Title I of the ECPA protects wire, oral, and electronic communications while in transit. It sets down requirements for search warrants that are more stringent than in other settings. Title II of the ECPA, the Stored Communications Act (SCA) protects communication held in electronic storage, most notably messages stored on computers. Its protections are weaker than those of Title I, however, and do not impose heightened standards for warrants. Title III prohibits the use of pen register and/or trap and trace devices to record dialing, routing, addressing, and signalling information used in the process of transmitting wire or electronic communications without a search warrant.
Several court cases have raised the question of whether e-mail messages are protected under the stricter provisions of Title I while they were in transient storage en route to their final destination. In United States v. Councilman, a U.S. district court and a three-judge appeals panel ruled they were not, but in 2005, the full United States Court of Appeals for the First Circuit reversed this opinion.
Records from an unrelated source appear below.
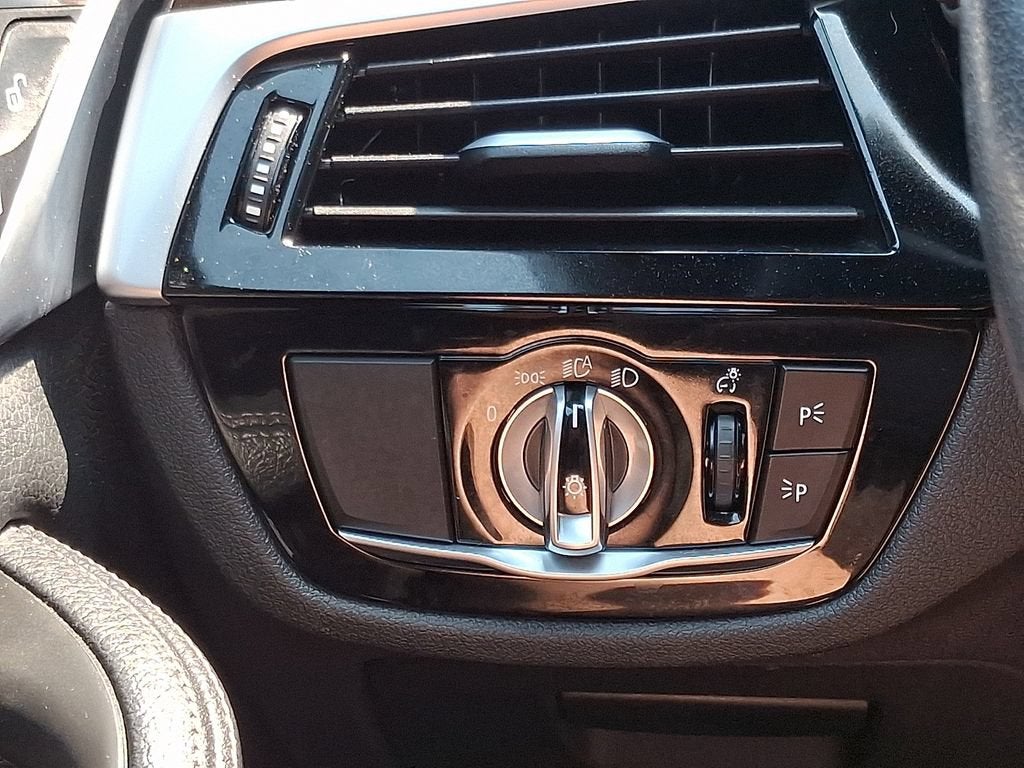 2023 BMW 540 i xDrive
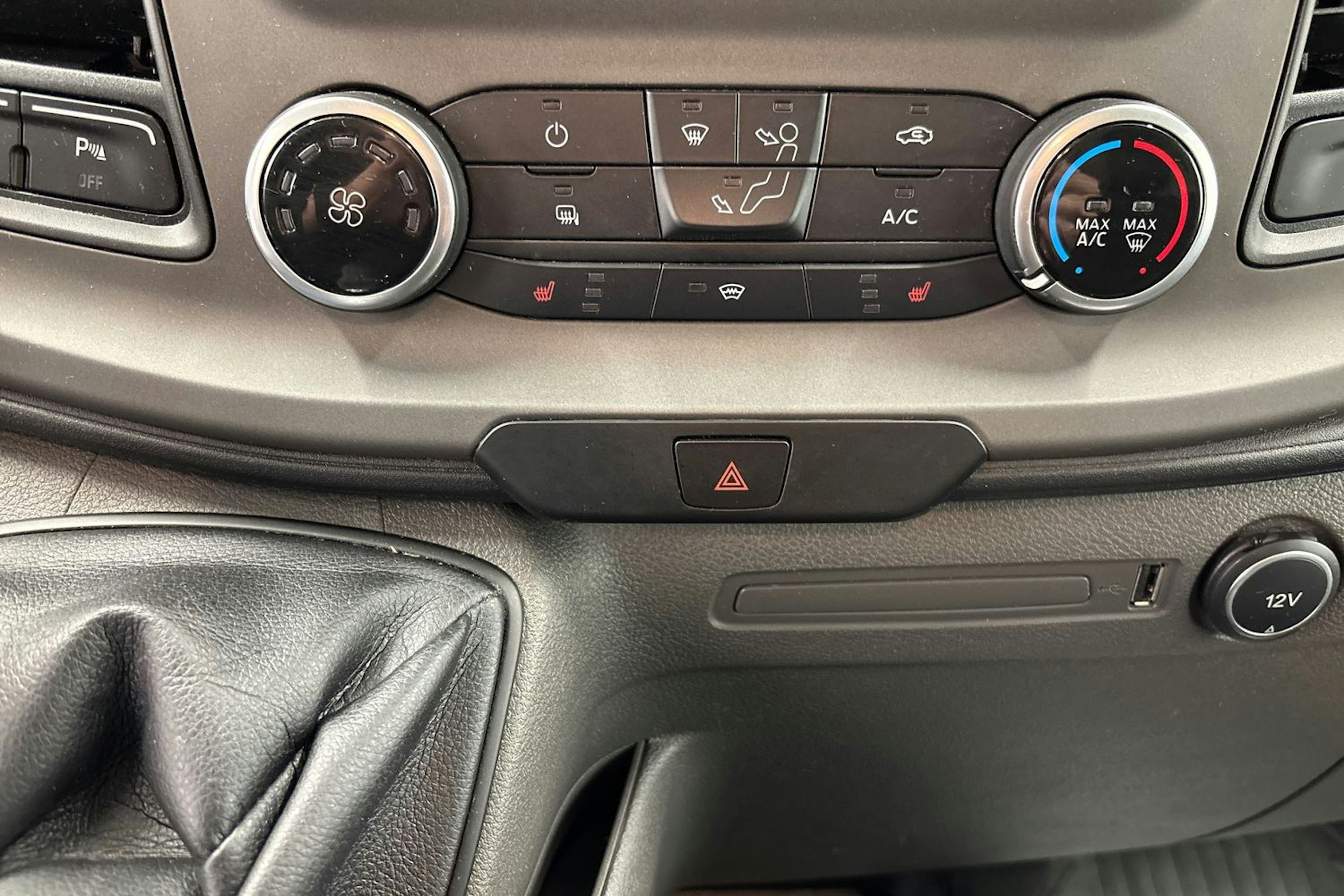 Valkoinen Ford Transit Custom 2019 kuva 20.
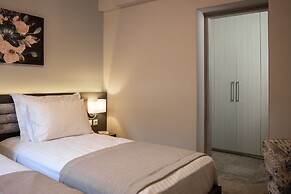 Searocks Exclusive Villas Resort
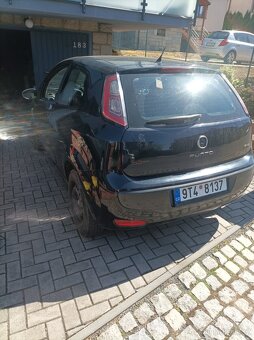 Fiat Punto Evo, 1.4i (benzín) 57kw. Nová STK BEZ KOROZE - 4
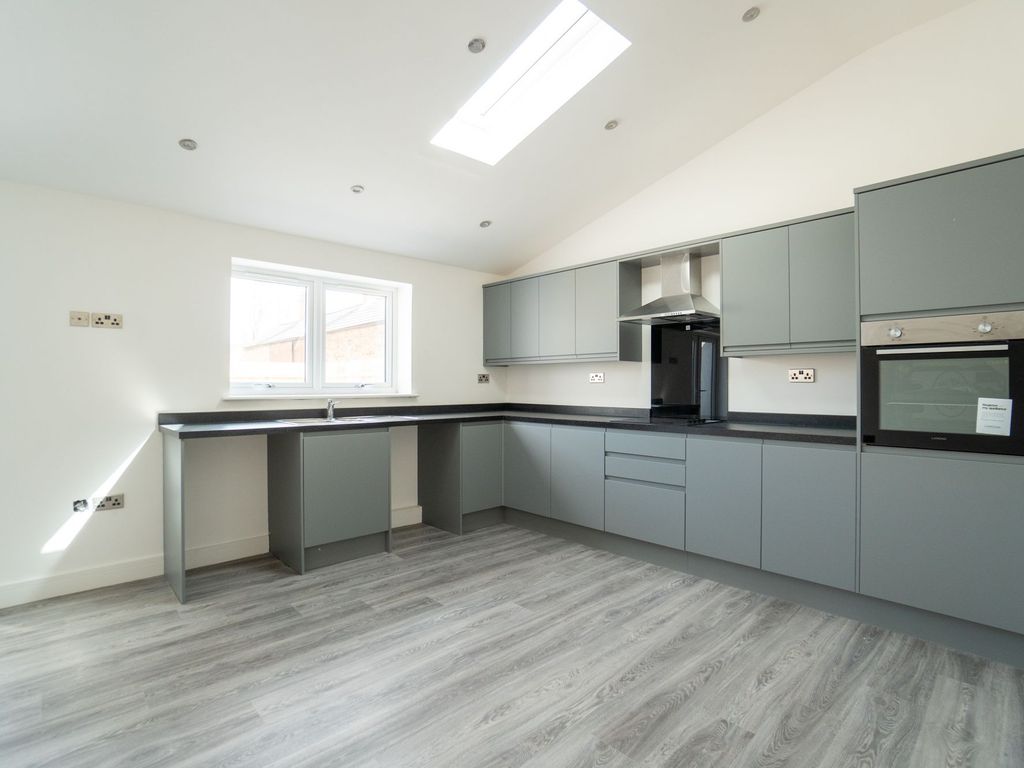 2 bed flat to rent in Greenhill Lane, Riddings DE55 Zoopla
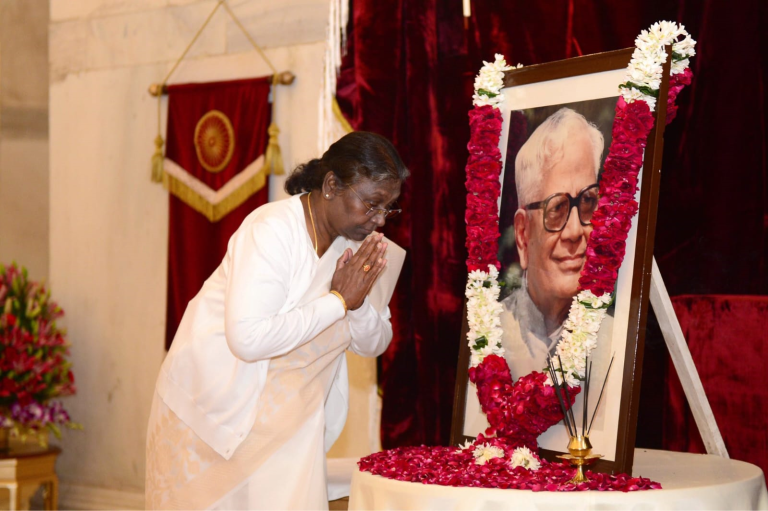 राष्ट्रपति मुर्मू ने भारत के पूर्व राष्ट्रपति आर. वेंकटरमन को उनकी जयंती पर पुष्पांजलि अर्पित की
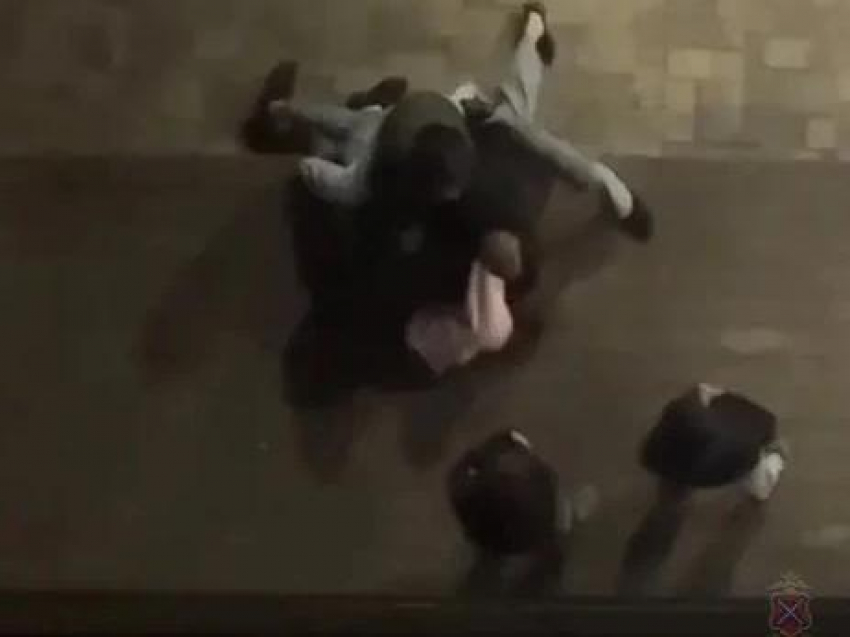 "Кричал и звал на помощь": подростки толпой напали на беззащитного парня в центре Волгограда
Privacy advocates were relieved; they had argued in Amicus curiae briefs that if the ECPA did not protect e-mail in temporary storage, its added protections were meaningless as virtually all electronic mail is stored temporarily in transit at least once and that Congress would have known this in 1986 when the law was passed.
From a rights perspective, the ECPA protects individuals' communications against government surveillance conducted without a court order, from third parties without legitimate authorization to access the messages, and from the carriers of the messages, such as Internet service providers. However it appears to provide little privacy protection to employees with respect to their communications as conducted on the equipment owned by their employer.